On Thursday, I attended NREL’s Energy Analysis seminar, which this week featured Todd Littmann of Canada’s Victoria Transport Policy Institute, on Win-Win Transportation Solutions.

As an economist focused on policy, Todd Littman Photo of Todd Littmanhas done a lot fo thinking about what are the costs to society of transport, and what sorts of perverse incentives are there that are making these costs much higher than they would be otherwise.  He has a ton of extremely interesting ideas which will be useful to reduce transportation energy use for little or no cost, by simply removing perverse incentives.  I’m only going to go into a couple that I thought were most surprising or innovative here, so I urge you to read the whole paper on which his talk was based on VTPI.org.

One surprising result for me was that the greatest costs to from driving may not be the costs of gas, pollution, or global warming, but the cost of accidents, which are infrequent, but can be extremely expensive.  Even before adding in additional costs of congestion, wear on roads, etc., you do not need to be concerned at all about global warming to want to reduce vehicle miles traveled.

 And reducing vehicle miles a is far more effective and quick way of reducing transportation energy use (as well as vehicle accidents) than improving vehicle efficiency.

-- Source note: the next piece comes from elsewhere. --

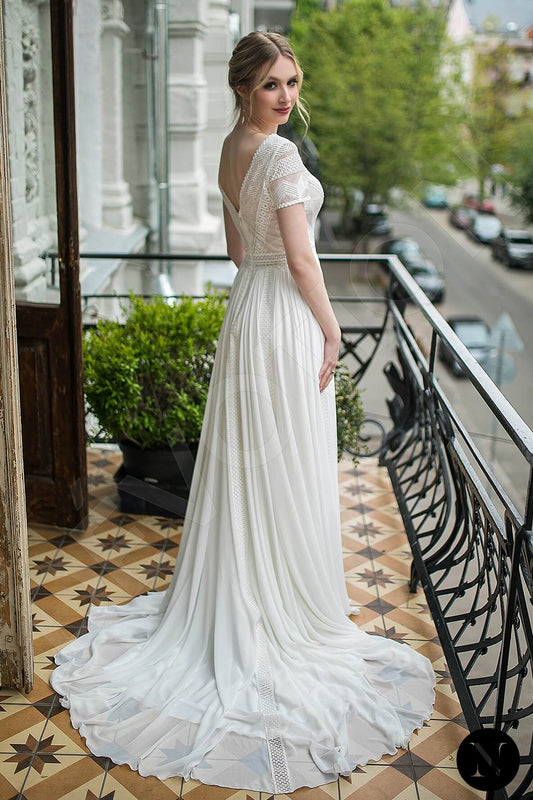 Ginny A-line V-neck Milk Wedding dress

He has many ideas on cost neutral ways to reduce vehicle mileage, from broadly discussed ones such as smart growth, price shifting fuel taxes, and road and congestion pricing, and he does analysis on how cost effective all of these are.

What really got me to sit up and pay attention was an I dea I had heard no where else, which was all the more interesting because he feels it is the most cost effective (in fact, cost-negative: it pays more than it costs) method of reducing vehicle use: Pay-As-You-Drive pricing.  The idea is simple: instead of paying vehicle registration and auto insurance based on how long we have the car, we should pay based on how far we drive it.  

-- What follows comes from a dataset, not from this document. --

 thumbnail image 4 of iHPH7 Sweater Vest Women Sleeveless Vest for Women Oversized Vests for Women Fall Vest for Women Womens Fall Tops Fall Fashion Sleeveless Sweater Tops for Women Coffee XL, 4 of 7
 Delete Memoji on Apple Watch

Since the safest place for out vehicle is in our garage (including theft and hail damage) this makes more economic sense than the current monthly payments for auto insurance, and since the costs we place on the transport system also increase the more we drive, it also makes sense for vehicle registration fees.   Because rich people with fancy cars not only tend to drive more than the poor, but because their registration fees are also already higher than those for inexpensive cars, this may even make the fees more progressive than they currently are, but some fine-tuning may be needed.

Since this is a purely regulatory reform, costs of implementation are minimal, consisting of only an annual odometer audit after the system is set up; an audit which could easily be combined with other scheduled service to minimize the cost.

According to his numbers, pay as you drive insurance and registration would average about 21 cents a mile for most people (about twice the cost of gasoline,) which I can easily see as enough to make most people think harder about how to maximize how efficiently they drive, or even consider public transport where it is an option… most public transport would become much more cost effective for people, without adding to their financial burden.

You might worry that people with long commutes and no public transportation might be unduly burdened by this shift, but we need to remember that they already pay more for auto insurance, because these are questions the auto insurance company asks.  The big difference is that there would be an increased marginal cost of driving, and it is the marginal cost of an activity that has the greatest effect on behavior, not the average or total cost.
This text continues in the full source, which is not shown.